Nous croyons en effet que les mœurs sont, ou devraient être considérées comme un passage obligé entre les principes et la communauté politique auxquels ils s’appliquent. Elles offrent un repère sûr au législateur. Elles lui fournissent à la fois la base et les bornes de son activité possible. Les lois conçues et formulées dans le langage commun des mœurs entreront naturellement dans le corps du droit existant. Elles seront aussi accessibles au plus petit d’entre les justiciables. C’est la condition d’une bonne justice. Si le pouvoir va au-delà, il peut être certain que ses lois seront mal comprises et mal appliquées.

Quand les repères s’estompent, que le respect des mœurs n’apparaît plus comme une nécessité, mais comme un folklore inefficace, les politiciens ne connaissent plus de bornes à leurs possibilités d’action. Ils fabriquent d’immenses lois – ou d’immenses initiatives populaires de sens contraire – sans se soucier de savoir si le corps du droit peut les intégrer ni si le corps social est capable de les digérer. La loi sur l’aménagement du territoire et l’initiative sur l’immigration massive sont deux exemples de ce qui se passe quand la volonté législative oublie le pays et ses mœurs tels qu’ils sont.

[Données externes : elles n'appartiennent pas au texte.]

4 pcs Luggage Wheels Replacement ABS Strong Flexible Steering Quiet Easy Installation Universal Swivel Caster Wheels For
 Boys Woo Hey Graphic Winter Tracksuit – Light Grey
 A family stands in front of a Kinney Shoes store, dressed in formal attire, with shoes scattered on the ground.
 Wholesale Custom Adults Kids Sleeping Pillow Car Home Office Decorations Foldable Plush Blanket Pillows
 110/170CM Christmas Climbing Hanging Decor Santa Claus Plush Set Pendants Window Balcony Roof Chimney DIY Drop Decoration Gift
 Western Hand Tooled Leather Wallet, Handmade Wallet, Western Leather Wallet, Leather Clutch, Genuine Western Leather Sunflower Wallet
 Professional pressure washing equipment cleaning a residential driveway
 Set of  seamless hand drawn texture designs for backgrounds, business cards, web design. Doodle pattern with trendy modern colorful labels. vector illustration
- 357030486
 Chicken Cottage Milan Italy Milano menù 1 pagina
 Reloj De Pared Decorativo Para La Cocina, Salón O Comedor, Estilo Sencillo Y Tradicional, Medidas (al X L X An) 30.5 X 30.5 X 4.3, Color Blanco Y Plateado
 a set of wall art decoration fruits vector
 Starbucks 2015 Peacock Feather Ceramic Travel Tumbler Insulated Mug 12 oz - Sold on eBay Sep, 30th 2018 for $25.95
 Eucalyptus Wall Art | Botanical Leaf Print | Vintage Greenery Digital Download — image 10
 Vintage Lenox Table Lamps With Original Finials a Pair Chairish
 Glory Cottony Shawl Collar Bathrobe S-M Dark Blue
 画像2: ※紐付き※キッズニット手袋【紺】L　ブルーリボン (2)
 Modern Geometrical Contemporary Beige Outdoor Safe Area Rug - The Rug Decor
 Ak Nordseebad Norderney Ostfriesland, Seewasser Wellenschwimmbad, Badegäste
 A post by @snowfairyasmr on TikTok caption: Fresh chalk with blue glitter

Aux yeux de ceux qui promeuvent ces actes législatifs spectaculaires, c’est faire preuve d’une vision passéiste, étriquée, sans élan ni grandeur que de se référer aux mœurs. L’argumentation peut être serrée et convaincante, les exemples tirés du passé récent accablants, les dommages causés aux institutions patents, rien n’y fait. On se trouve avec un pouvoir sans limites et une pensée politique sans influence, l’un et l’autre privés des mœurs qui les unissaient, donnant un sens au pouvoir et une force à la pensée.